Beim Schweizer Label Nightingale Classics hat man die Reihe der Donizetti-Einspielungen mit „Maria Stuarda“ fortgeführt. Octavio Oprisanu ist ein verhaltener Roberto, mit einem manchmal unglücklichen Timing der Phrasen. Edita Gruberova in der Titelpartie singt mit einer gebärdenhaften Intensität, die ihresgleichen sucht: Bel-Canto in Reinkultur. Die Genauigkeit ihrer Dynamisierungen ist frappierend, überwältigend die unmerklichen Rückungen, mit denen sie die Linearität der Tonfolgen vor jeder Monotonie bewahrt. Ausdrucksvoll der Chor des Bayerischen Rundfunks, überzeugend das Münchner Rundfunorchester unter Marcello Viotti.

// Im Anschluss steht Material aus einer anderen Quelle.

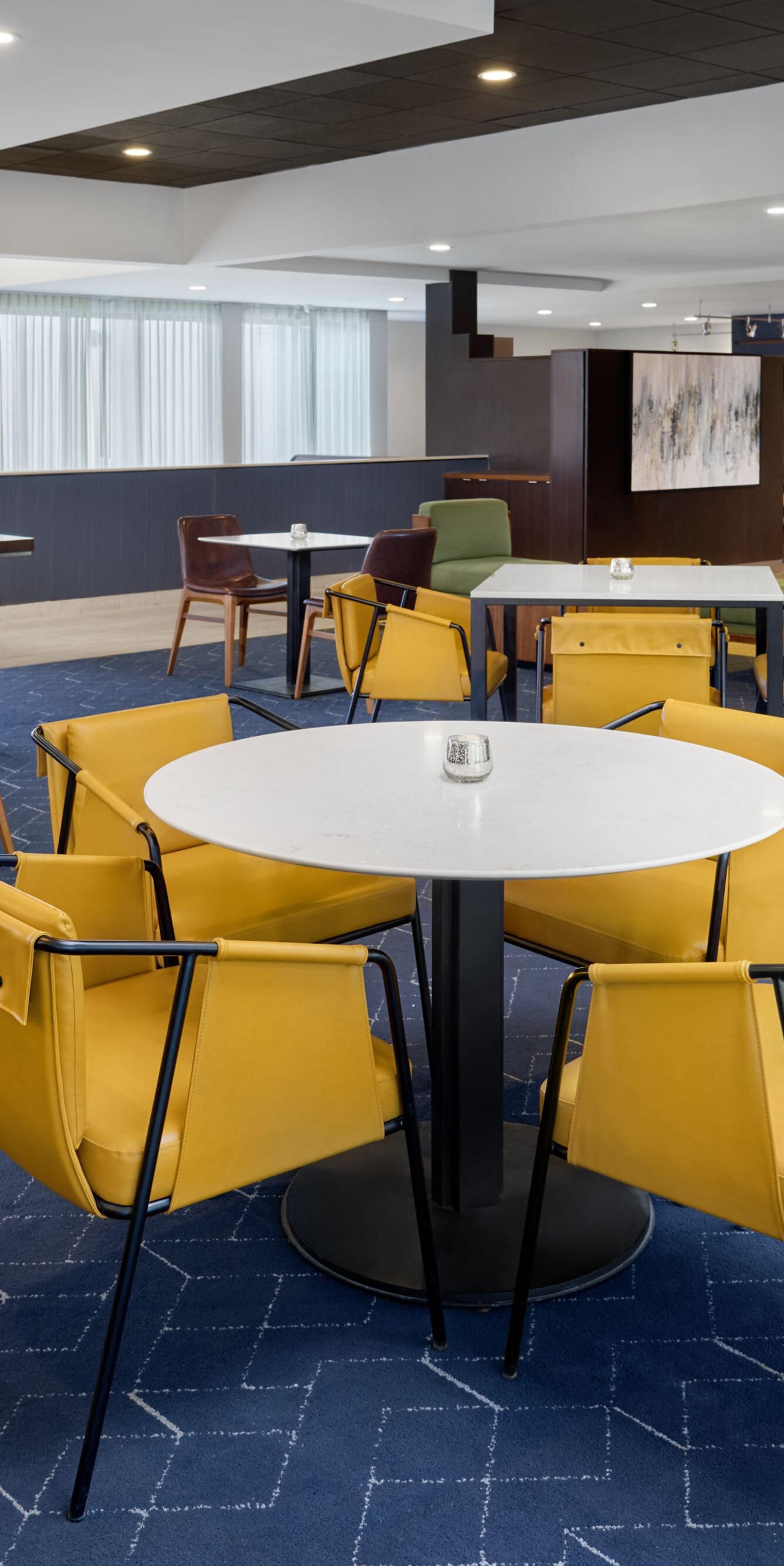 Bistro dining area with tables and yellow chairs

(Nightingale Classics/Koch 2 CD 190 209)

Eines der großen Chorwerke der Romantik haben Charles Dutoit sowie Chœur und Orchestre symphonique de Montréal eingespielt – und dabei Maßstäbe gesetzt: die „Grande Messe des morts“ von Hector Berlioz. Heikel wird das Ganze erst im „Dies irae“, wenn mit niederschmetternder Gewalt das Jüngste Gericht Einzug hält. Prassel-Pauken und Fernorchester als Pforten zum Weltende, der Chor als ein Volk aus Furcht und Klage. Die Masse wirkt für sich – willkommen, Apokalypse. Doch Dutoit behält auch hier stets die Übersicht, sorgsam wacht er über seine Instrumentalisten und einen Chor, dem es weder an Schärfe noch an Durchsichtigkeit fehlt. Kalte Engel des Schreckens halten das Zepter hoch und verkünden das Jenseits. Doch plötzlich tauchen Momente der Erhebung auf: Wärme kriecht durch die Totenmesse, Besinnlichkeit und ein Hauch von Zuversicht breiten sich aus. Eine Aufnahme, die Spaltungen offenlegt und Gegenwelten miteinander verbindet.